Le président portugais de Sousa a décidé d'organiser des élections anticipées le 10 mars, suite à des allégations de corruption dans le secteur de l'énergie.

AA

Le président De Sousa, après avoir rencontré les chefs des partis politiques au Parlement hier suite à la démission du Premier ministre Costa, a convoqué aujourd'hui le Conseil d'État en urgence.

IL A ANNONCÉ LA DISSOLUTION DU PARLEMENT

Bien qu'il n'y ait pas eu de consensus total parmi les 18 membres du Conseil d'État, De Sousa a décidé d'organiser des élections anticipées. Il a annoncé qu'il attendrait l'adoption du budget 2024, prévue pour le 29 novembre, afin d'assurer la stabilité économique du pays, avant de dissoudre le Parlement.

Le Parti socialiste (PS) au pouvoir avait proposé de nommer un autre candidat à la place de Costa, démissionnaire, afin de permettre la poursuite du processus législatif.

''LES ÉLECTIONS, C'EST NE PAS AVOIR PEUR DU PEUPLE''

Rejetant cette proposition, le président De Sousa, dont le passé politique est conservateur, a déclaré : "Pour surmonter le vide politique inattendu qui a surpris les Portugais, les élections apporteront clarté et direction à l'avenir politique du pays. Les élections sont un élément de la démocratie et signifient ne pas avoir peur du peuple."

Costa, leader du PS, qui occupait le poste de Premier ministre depuis novembre 2015 et qui avait obtenu la majorité parlementaire lors des dernières élections du 30 janvier 2022 pour gouverner seul, a démissionné le 7 novembre après avoir appris l'ouverture d'une enquête contre lui et certains membres de son cabinet pour "corruption, faux témoignage et abus de pouvoir" dans une affaire liée à l'exploitation du lithium et à l'hydrogène vert.

Dans le cadre de l'enquête menée par la Cour suprême, 42 perquisitions ont été effectuées le 7 novembre, notamment au bureau du Premier ministre à Lisbonne, la capitale.
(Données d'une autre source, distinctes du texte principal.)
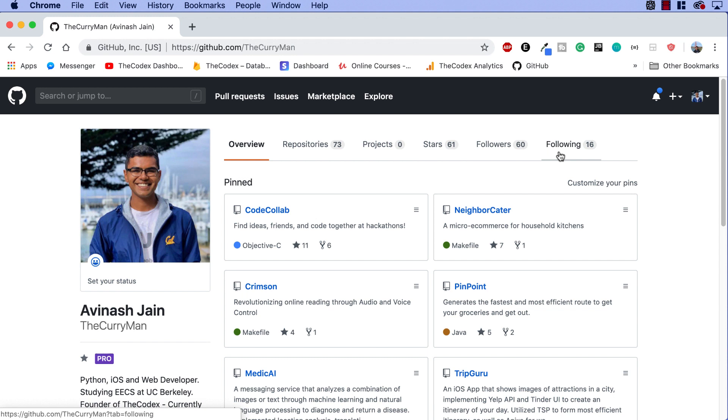Once you've created your GitHub profile guys, the next step is to create your very own repository. When I say repository, what do I mean? A repository is basically a folder, a collection of files and various aspects of your project. Anything that has to do with your project will be thrown into your repository.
Le chef de cabinet de Costa, Vitor Escaria, ainsi que son ami proche, l'homme d'affaires Diogo Lacerda Machado, ont été placés en garde à vue.

ENQUÊTE POUR CORRUPTION

Costa, qui a affirmé s'être "entièrement consacré au service du Portugal et des Portugais au cours de ses 8 années en tant que Premier ministre", a souligné qu'il n'était impliqué dans aucune affaire de corruption.

L'enquête en question, qui met en cause Costa et certains membres de son cabinet, concernerait l'extraction de lithium dans les mines de Romano et Barroso, au nord du pays, ainsi que le projet d'usine de production d'hydrogène vert à Sines.